Yale-Howard Scholars Get Early Start on Careers in Nursing Research

Five Howard University students used the summer before their senior year to gain experience in nursing research at the Yale University School of Nursing.

A combination of hands-on research, seminars and shadowing of advanced practice nurses, the program is designed to spur the interest of talented students of color in nursing research.

The program’s success is a testament to the relationship between the two institutions. Howard selected five outstanding students in its BSN program. Yale lined up senior nursing scientists to act as mentors to the undergraduates.
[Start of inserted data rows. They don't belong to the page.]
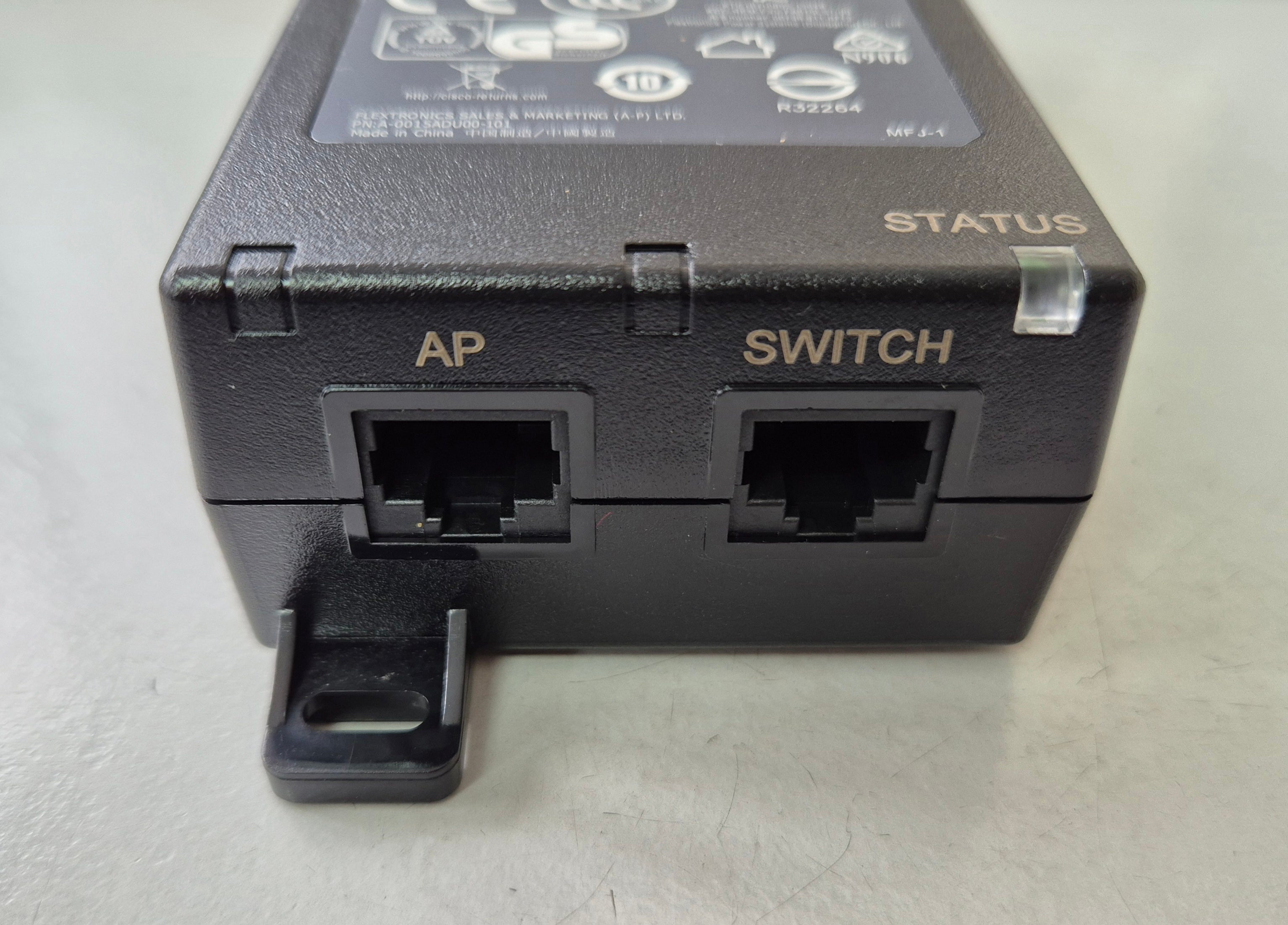 Cisco AIR-PWRINJ5 48V 0.32A POE Power Injector ( FA015LS1-00 341-0556-01 ) REF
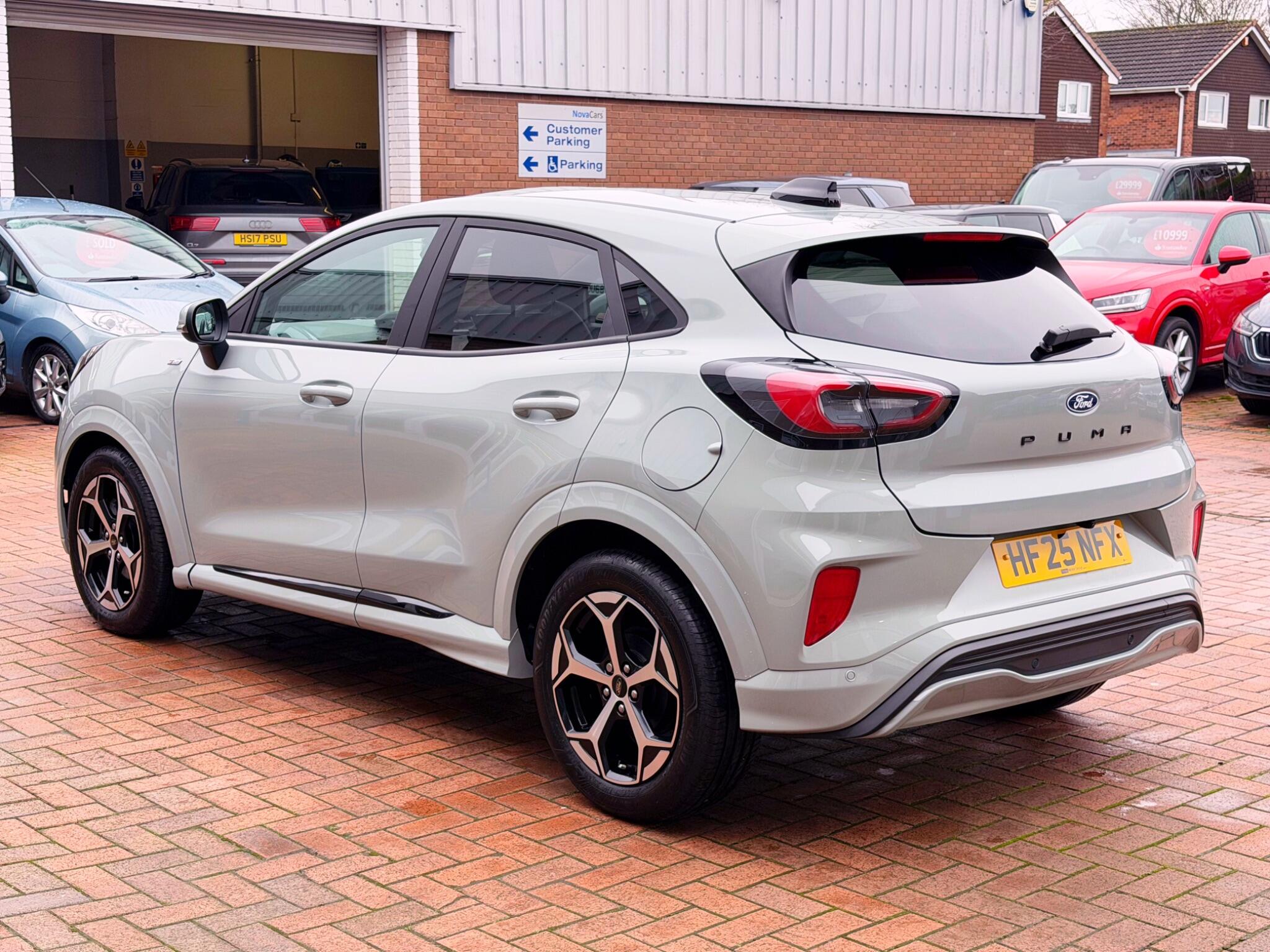 Ford Puma view 26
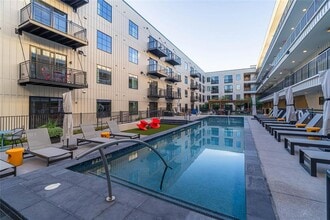 Building Photo - 4315 S Congress Ave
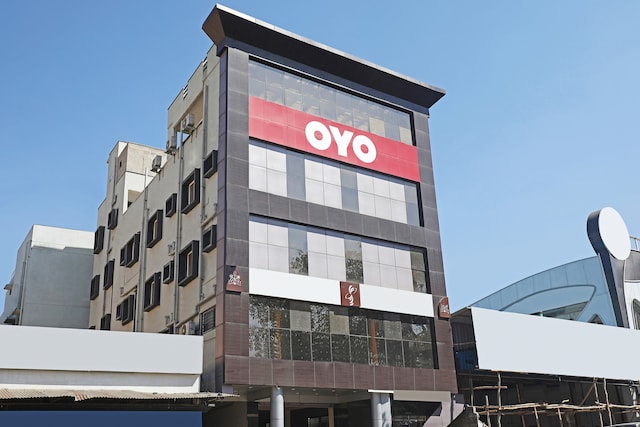 HOTEL O UTSAV PALACE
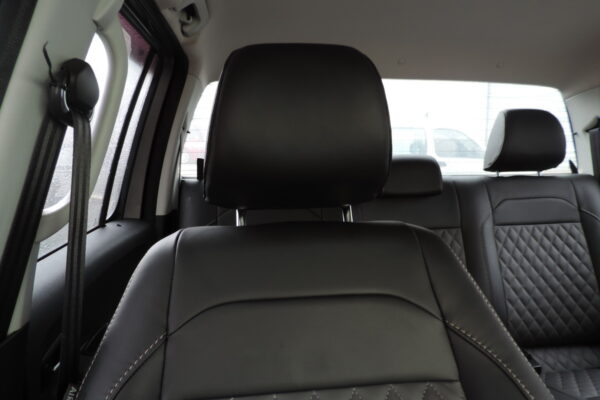 volkswagen amarok 2018 9-8-2019 07 BR Tapizado de cuero para VW Amarok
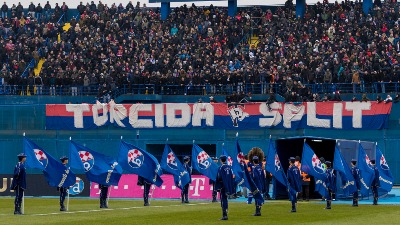 Torcida zbog ćirilice preti vlastima: Klošari... (FOTO)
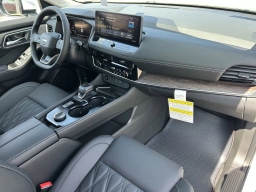 Nissan Rogue Platinum AWD 2026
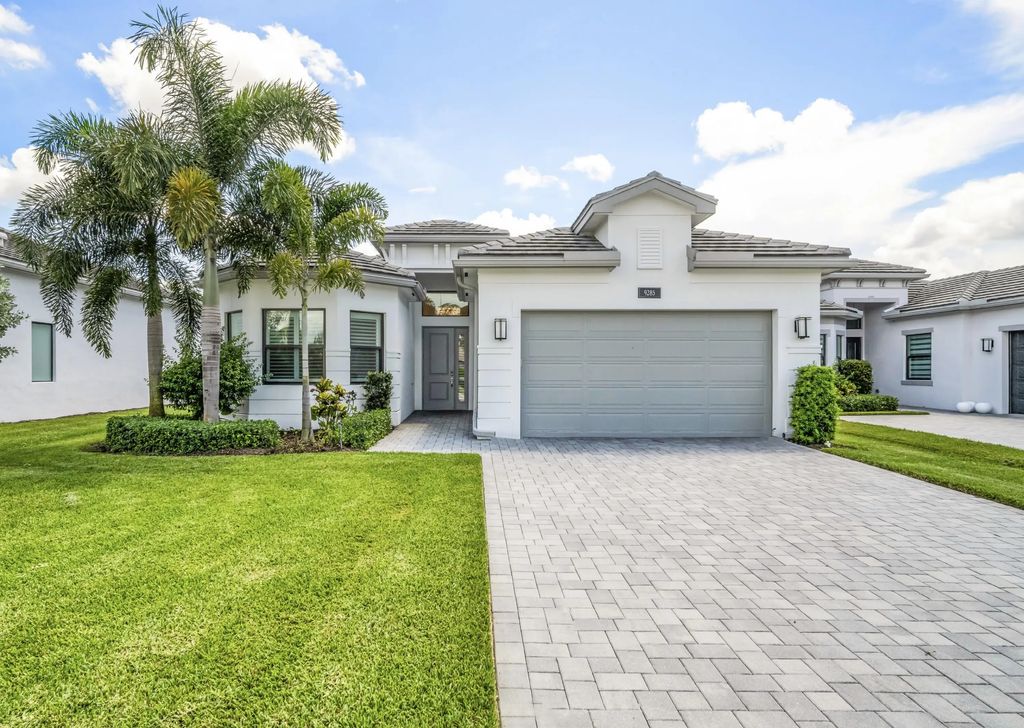 9285 Mountain Pine Grove, Boynton Beach
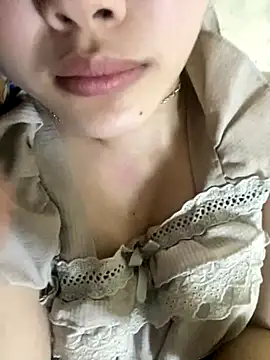 Xu Xubaby online show from 11/12/25, 03:27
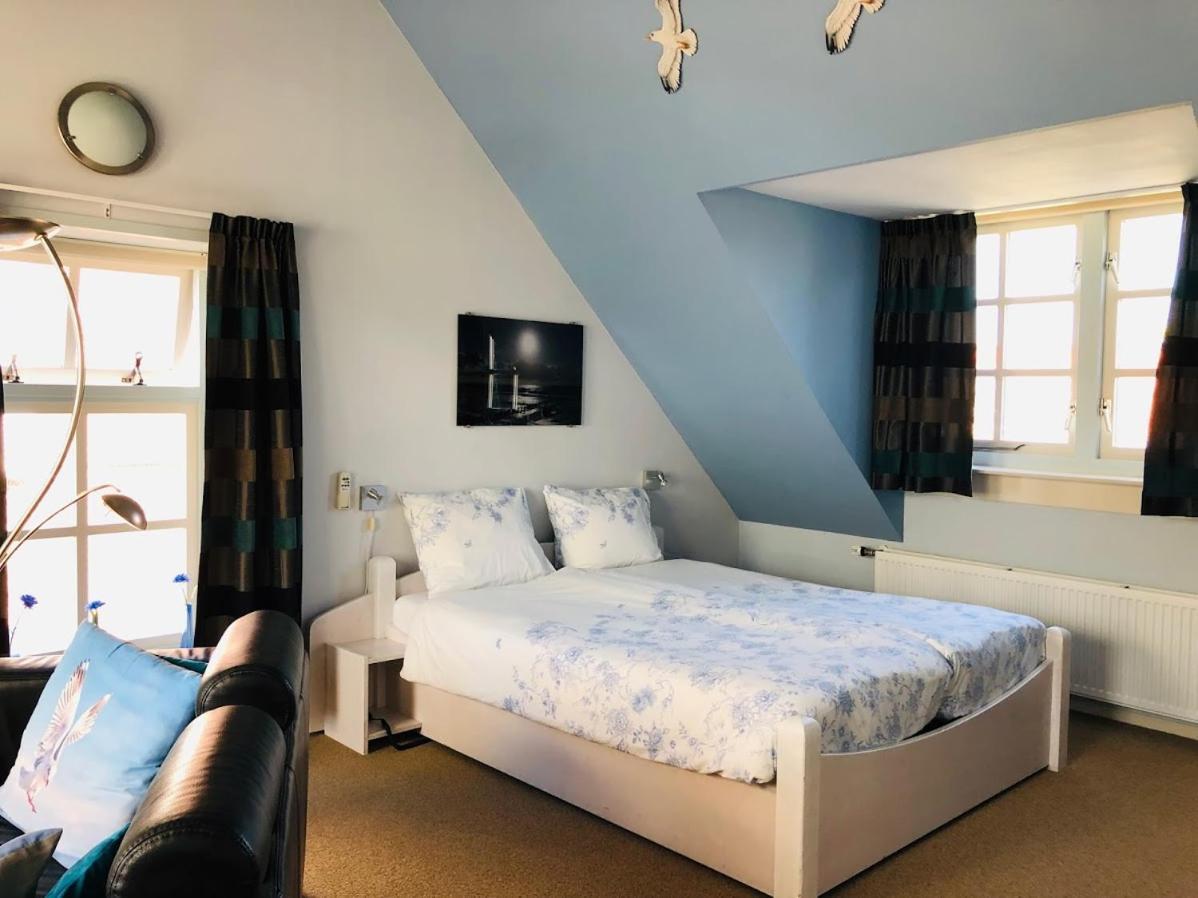 Double Room Private Bathroom
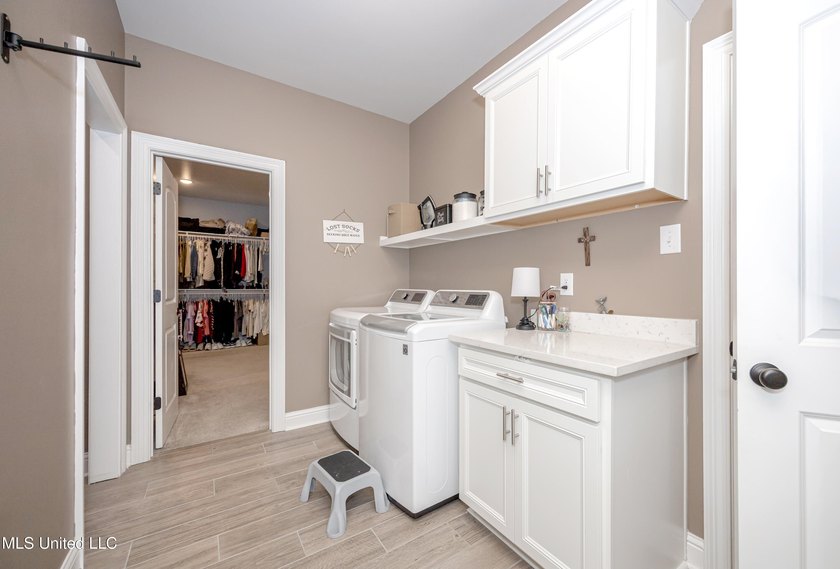 WELCOME TO YOUR DREAM HOME IN OCEAN SPRINGS, MISSISSIPPI! This - photo 42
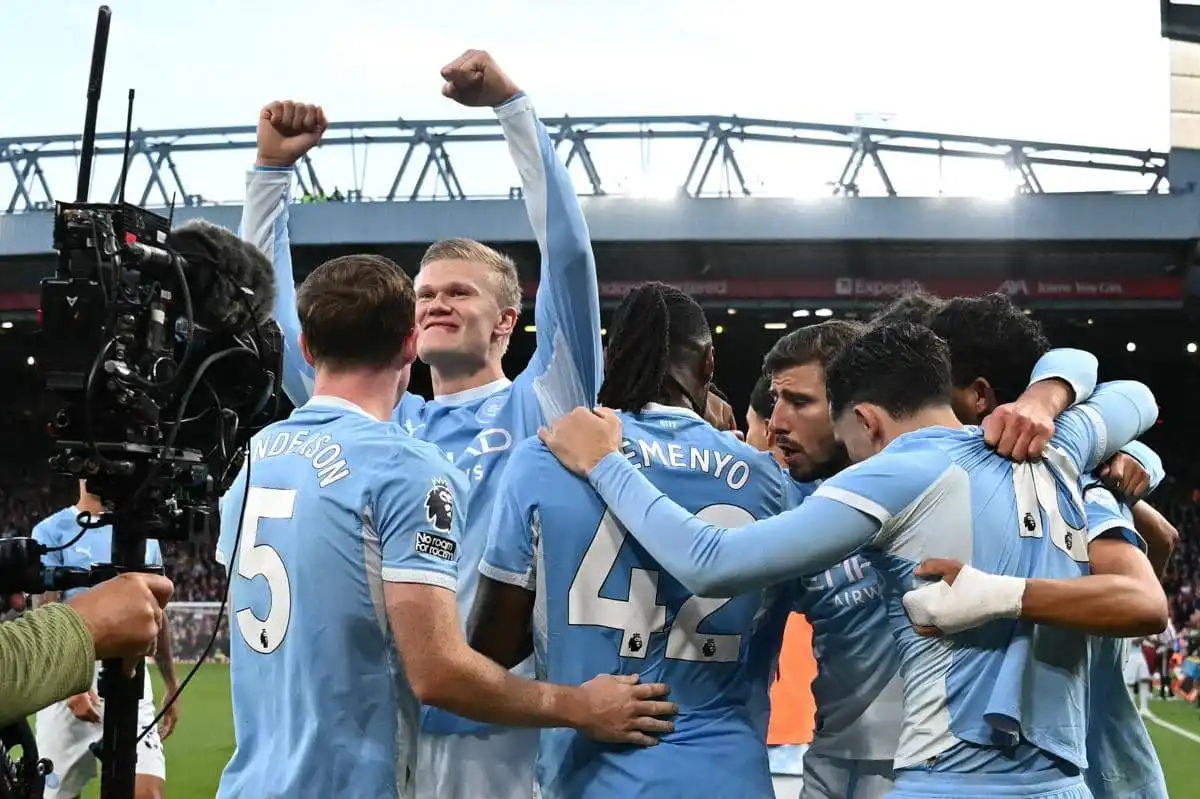 Manchester City Menang Telak di Anfield Setelah Liverpool Kehilangan Satu Pemain
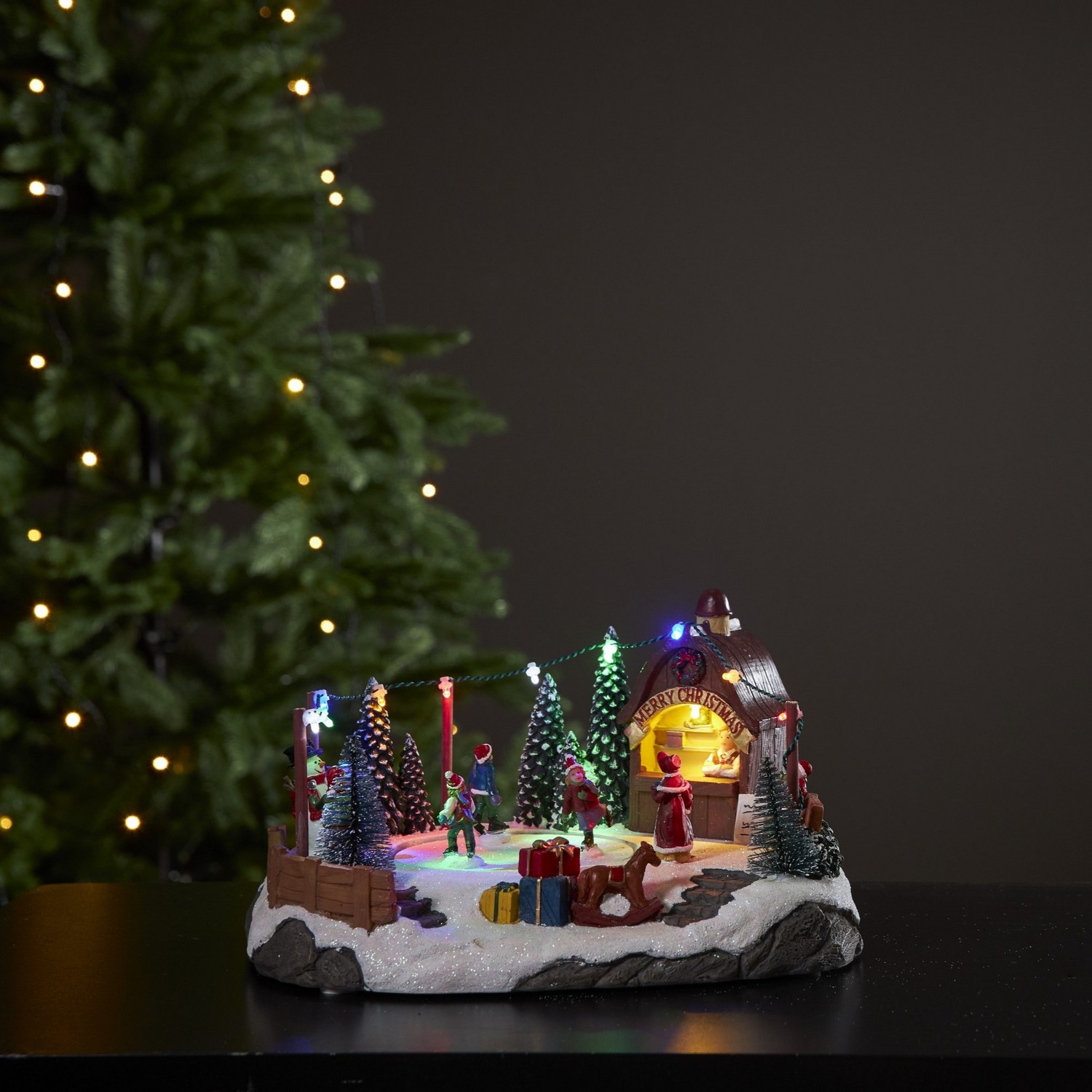 Juleby Star Trading Iceville Skøytegåer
Each student focused on a single research question within a larger study being conducted by a faculty mentor. This gave them access to an enormous amount of data and to the support and guidance of a research team, but also allowed them the opportunity to work independently.

“Thoughts are just starting to flow,” said Howard student Nicole Laing. “The Yale-Howard Program has enhanced my interest in research. I’m actively participating in my learning. It makes me yearn to do so much more.”

The program was born through discussions between YSN Dean Catherine Gilliss and her Howard counterpart, Associate Dean Dorothy Powell, who shared with Gilliss a paper she’d written about recruiting high achieving high school students into Howard’s bachelor’s program and rapidly channeling them to research careers.

Gilliss, eager to develop strategies to recruit students of color to YSN, suggested the Scholars Program as a way to meet the objectives of both institutions. YSN funded the program internally and also secured support from the Health Professions Partnership Initiative, a Robert Wood Johnson-funded grant administered by the Yale School of Medicine. Gilliss attended most seminars along with the scholars and made a point to get to know them outside the classroom through events like dinners at her home.

“The intelligence and enthusiasm of the Howard Scholars has impressed everyone here,” said Gilliss. “I’m enormously proud of this program and look forward to repeating it next year.”

Powell said that the program fit in with her plan to increase research activity within Howard’s already highly competitive nursing program. “We’re all aware of the striking health disparities by race in this country,” she said. “We have got to prepare African-American nurse researchers who can identify and attack these problems. The students in our program are 99 percent people of color. If those researchers are not prepared at Howard, we will have failed.”